GLENDALE, California - It may sound ironic, Filipinos with their tropical island roots competing in the coolest of climates at the Winter Olympics.
However, three global Filipinos have earned shots to compete in Sochi, Russia and represent their home countries on the ice.
With America's most decorated winter Olympian Apollo Anton Ohno now retired big expectations are coming from the state of Washington in JR Celski and his Philippine tattooed chest.
Despite some injuries, the Filipino-Polish-American managed to win a pair of bronze medals in 2010 games for speed skating.
"Ever since I was 3, I've been skating competitively and if you can imagine doing that your whole life and preparing for something your whole life and finally coming true for you - I can't even explain the feeling," he said.

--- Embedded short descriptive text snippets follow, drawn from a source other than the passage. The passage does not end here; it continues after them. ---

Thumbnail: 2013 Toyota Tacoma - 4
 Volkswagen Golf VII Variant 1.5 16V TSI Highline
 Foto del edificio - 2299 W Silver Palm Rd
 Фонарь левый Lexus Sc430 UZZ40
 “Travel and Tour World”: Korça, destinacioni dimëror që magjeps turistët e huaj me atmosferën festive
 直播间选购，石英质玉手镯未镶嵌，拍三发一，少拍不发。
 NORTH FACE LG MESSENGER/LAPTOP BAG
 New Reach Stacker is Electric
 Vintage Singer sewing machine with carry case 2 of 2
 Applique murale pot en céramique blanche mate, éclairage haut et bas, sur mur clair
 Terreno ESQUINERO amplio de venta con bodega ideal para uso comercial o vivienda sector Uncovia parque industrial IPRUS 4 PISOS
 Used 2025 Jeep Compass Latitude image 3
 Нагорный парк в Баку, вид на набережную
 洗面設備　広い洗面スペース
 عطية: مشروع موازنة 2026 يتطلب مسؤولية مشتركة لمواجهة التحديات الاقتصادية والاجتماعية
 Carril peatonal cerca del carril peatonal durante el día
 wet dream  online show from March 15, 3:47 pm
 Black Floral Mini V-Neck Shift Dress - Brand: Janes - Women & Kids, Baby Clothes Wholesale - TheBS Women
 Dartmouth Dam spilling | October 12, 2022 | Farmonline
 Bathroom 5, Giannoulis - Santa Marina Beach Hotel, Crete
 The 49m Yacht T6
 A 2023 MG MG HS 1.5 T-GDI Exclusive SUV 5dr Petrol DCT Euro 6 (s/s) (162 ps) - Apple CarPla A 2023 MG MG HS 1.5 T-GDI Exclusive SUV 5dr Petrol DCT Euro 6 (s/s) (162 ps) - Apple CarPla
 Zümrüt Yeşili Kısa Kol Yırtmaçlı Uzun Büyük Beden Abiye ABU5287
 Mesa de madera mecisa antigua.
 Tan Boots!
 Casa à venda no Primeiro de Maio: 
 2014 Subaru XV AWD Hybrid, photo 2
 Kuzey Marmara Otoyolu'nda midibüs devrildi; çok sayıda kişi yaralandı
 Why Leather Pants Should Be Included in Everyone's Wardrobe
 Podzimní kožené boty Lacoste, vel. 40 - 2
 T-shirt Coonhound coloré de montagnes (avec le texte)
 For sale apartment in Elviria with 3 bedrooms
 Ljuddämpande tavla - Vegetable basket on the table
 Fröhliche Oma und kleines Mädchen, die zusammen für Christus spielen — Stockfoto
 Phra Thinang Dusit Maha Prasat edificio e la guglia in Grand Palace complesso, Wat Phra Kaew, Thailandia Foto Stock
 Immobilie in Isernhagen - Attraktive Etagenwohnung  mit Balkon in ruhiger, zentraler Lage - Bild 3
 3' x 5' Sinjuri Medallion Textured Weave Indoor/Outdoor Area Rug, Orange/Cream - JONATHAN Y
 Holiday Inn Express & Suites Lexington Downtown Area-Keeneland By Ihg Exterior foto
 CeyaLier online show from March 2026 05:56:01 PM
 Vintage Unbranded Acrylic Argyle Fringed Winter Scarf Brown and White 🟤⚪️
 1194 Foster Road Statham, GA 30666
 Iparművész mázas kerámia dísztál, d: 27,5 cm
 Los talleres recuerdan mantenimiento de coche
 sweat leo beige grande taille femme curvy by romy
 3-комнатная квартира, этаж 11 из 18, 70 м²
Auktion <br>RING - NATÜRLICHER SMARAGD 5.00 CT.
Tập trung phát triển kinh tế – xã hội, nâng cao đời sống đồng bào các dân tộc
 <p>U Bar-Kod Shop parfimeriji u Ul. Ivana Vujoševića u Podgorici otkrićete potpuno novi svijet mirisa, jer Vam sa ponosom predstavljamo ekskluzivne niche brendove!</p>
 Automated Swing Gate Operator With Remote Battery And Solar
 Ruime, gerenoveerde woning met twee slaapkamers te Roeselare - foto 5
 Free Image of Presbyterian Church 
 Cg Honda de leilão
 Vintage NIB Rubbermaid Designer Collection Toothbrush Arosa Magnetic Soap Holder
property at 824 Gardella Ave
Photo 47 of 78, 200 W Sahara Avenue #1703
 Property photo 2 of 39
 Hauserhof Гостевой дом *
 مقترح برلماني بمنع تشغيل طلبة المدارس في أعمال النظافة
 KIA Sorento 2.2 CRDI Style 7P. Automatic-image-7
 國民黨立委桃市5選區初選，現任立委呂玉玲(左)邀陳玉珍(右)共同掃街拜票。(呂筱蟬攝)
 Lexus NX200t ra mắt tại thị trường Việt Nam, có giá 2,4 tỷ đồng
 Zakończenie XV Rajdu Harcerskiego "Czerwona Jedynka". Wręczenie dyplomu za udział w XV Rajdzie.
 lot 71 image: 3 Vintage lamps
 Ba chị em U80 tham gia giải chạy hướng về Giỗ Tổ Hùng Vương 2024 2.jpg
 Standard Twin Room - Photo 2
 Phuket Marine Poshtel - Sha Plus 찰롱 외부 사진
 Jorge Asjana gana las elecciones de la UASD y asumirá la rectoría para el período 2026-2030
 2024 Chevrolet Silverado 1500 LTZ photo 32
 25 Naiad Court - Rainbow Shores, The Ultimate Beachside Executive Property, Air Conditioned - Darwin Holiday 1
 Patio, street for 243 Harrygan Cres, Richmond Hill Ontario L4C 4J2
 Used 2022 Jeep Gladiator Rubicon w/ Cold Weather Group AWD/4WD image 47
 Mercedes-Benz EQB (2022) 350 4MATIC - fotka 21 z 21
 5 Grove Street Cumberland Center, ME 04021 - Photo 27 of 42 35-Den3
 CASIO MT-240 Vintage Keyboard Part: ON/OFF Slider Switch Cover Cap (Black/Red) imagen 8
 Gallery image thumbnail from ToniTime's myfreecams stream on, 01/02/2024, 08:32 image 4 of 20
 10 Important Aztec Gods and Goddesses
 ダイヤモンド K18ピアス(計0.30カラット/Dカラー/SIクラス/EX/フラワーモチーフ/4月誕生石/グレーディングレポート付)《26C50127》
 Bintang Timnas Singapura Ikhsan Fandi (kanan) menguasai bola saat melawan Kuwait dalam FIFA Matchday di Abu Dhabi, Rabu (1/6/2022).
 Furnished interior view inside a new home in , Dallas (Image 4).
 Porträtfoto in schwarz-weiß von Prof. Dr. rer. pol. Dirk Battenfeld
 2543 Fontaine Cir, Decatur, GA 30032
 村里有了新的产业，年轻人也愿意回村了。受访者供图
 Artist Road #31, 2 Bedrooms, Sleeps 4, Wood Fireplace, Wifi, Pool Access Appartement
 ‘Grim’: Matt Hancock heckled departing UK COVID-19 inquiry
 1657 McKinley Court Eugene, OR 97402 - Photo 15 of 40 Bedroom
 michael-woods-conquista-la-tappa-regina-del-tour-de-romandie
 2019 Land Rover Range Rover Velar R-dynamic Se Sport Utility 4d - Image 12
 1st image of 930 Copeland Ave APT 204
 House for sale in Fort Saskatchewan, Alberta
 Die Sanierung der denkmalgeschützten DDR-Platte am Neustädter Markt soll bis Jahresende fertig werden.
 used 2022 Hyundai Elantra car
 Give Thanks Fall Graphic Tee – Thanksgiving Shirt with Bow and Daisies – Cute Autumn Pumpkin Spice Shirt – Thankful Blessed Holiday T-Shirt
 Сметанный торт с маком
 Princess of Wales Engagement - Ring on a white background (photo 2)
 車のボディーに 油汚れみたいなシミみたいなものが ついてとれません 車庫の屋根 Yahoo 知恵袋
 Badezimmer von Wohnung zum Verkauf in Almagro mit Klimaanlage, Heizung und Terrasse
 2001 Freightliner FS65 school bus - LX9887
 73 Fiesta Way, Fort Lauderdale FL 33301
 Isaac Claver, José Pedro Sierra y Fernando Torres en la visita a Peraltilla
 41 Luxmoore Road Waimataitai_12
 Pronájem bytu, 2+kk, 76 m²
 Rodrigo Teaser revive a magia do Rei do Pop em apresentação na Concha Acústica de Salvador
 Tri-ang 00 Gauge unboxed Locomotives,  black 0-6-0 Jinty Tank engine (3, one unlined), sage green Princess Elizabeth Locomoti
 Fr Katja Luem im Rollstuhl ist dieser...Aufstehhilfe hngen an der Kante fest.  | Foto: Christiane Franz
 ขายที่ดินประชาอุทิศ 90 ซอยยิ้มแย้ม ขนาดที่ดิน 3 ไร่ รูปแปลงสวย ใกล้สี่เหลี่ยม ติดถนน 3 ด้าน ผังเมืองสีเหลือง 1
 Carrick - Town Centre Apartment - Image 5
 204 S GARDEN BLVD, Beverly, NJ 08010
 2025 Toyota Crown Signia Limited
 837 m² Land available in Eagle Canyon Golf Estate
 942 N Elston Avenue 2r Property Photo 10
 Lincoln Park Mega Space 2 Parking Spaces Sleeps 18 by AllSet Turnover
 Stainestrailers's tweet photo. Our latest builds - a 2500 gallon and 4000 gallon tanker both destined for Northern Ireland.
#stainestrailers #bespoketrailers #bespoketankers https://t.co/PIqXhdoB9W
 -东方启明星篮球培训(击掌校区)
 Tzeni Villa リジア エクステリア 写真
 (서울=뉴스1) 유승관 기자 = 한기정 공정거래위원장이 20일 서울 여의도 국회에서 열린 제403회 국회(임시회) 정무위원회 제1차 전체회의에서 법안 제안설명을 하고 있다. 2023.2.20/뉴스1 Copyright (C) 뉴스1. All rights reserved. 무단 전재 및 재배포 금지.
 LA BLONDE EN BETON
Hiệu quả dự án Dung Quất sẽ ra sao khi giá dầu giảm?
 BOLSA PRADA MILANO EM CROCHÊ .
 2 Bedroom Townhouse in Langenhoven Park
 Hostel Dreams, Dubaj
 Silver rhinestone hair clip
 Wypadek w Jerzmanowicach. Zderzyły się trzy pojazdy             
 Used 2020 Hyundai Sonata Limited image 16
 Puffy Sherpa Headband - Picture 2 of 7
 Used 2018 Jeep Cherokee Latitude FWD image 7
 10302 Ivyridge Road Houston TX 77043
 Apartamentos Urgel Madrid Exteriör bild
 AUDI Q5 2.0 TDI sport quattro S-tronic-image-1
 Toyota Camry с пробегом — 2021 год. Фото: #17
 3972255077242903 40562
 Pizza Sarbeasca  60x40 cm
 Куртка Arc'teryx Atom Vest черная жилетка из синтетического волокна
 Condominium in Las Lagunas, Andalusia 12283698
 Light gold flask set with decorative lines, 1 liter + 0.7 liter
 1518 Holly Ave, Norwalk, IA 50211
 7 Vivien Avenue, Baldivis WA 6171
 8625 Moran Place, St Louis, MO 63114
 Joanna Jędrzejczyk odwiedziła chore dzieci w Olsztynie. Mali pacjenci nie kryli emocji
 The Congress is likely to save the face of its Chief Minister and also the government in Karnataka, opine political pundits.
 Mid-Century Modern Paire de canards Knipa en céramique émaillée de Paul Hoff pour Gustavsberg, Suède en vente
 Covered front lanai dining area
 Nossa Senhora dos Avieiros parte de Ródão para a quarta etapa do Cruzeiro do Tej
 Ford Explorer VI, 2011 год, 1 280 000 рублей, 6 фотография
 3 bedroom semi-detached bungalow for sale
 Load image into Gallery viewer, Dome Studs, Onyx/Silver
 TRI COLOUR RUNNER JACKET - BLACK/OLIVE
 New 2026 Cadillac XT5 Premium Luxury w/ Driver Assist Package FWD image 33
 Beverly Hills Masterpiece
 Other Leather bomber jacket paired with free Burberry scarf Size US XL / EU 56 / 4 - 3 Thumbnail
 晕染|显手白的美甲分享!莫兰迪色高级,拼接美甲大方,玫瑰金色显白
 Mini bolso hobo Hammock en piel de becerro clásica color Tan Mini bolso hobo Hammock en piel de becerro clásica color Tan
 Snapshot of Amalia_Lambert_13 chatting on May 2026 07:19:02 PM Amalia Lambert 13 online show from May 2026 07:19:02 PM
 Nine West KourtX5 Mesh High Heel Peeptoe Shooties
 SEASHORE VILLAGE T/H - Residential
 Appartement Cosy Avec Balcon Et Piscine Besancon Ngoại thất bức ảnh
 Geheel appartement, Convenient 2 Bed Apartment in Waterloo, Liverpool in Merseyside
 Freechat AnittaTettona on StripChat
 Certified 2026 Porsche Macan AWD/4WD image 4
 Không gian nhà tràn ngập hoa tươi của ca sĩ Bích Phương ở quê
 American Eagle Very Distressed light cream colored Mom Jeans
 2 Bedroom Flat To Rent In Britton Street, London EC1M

Now 23, Celski has qualified for 1,000, 1,500, 500 meter short track races and will also join 4 other American speed skaters in the 5000 meter relay.
Another Filipino, this time from North of the border, is eyeing medal in long track speed skating. Also 23-years old, the son of Filipino immigrants, Gilmore Junio of Calgary is part of Canada's speed skating team, qualifying for Sochi last month.
The buzz from Canada is he's got a good shot at winning a medal in the 500 meter long track race after all, Canada has some of the top speed skaters in the world and he had to beat some of them to get in.
"It's pretty surreal. Growing up, you know, as a Filipino kid in Calgary, I never thought, you know, I'll be going up and going to the Olympics and representing Canada and the Filipino community. It's a great honor and I hope I can do everyone proud," Junio said.
While both Celski and Junio are speed skaters, their blades will likely not cross.
Celski competes on the short track while Junio is on the long track.
While the distances may be the same, the size and shape of the tracks and positioning of the skaters are different.
While the two Filipinos from North America will try to show off their speed, there will be a rare sighting on the figure skating rink.
Michael Christian Martinez of the Philippines skates during a figure skating training session in preparation for the 2014 Sochi Winter Olympics, in Sochi. Photo by Lucy Nicholson, Reuters
For the first time in 20 years, and fourth time in history, the Philippines has qualified for the Winter Olympics.
Michael Christian Martinez, 17, of Muntinlupa, will be the first athlete to represent not just the Philippines, but South East Asia in the history of Olympic figure skating.
While he can be considered an underdog competing against figure skating powerhouses, his historic appearance has become one of the most talked about and inspirational headlines in Sochi.
It had been a long road for Martinez, conquering asthma as a youth at a shopping mall ice rink, he turned his hobby into a sport.
"Masayang-masaya dahil nakatatak na sa Pilipinas na to show the world that Filipinos are really great and we could do good," he said.
Despite being the Philippines' lone winter Olympian since 1992, Asia's Golden Boy of Figure Skating has made the most of his trip to Sochi making friends with local Filipino community in Russia.
The 22nd Winter Games will kick off with the opening ceremony on Friday night but after the glamour and glitz, it's straight to business come Saturday as speed skating competitions begin.
Martinez will have to wait a week for his chance to shine with men's figure skating scheduled for Valentine's Day.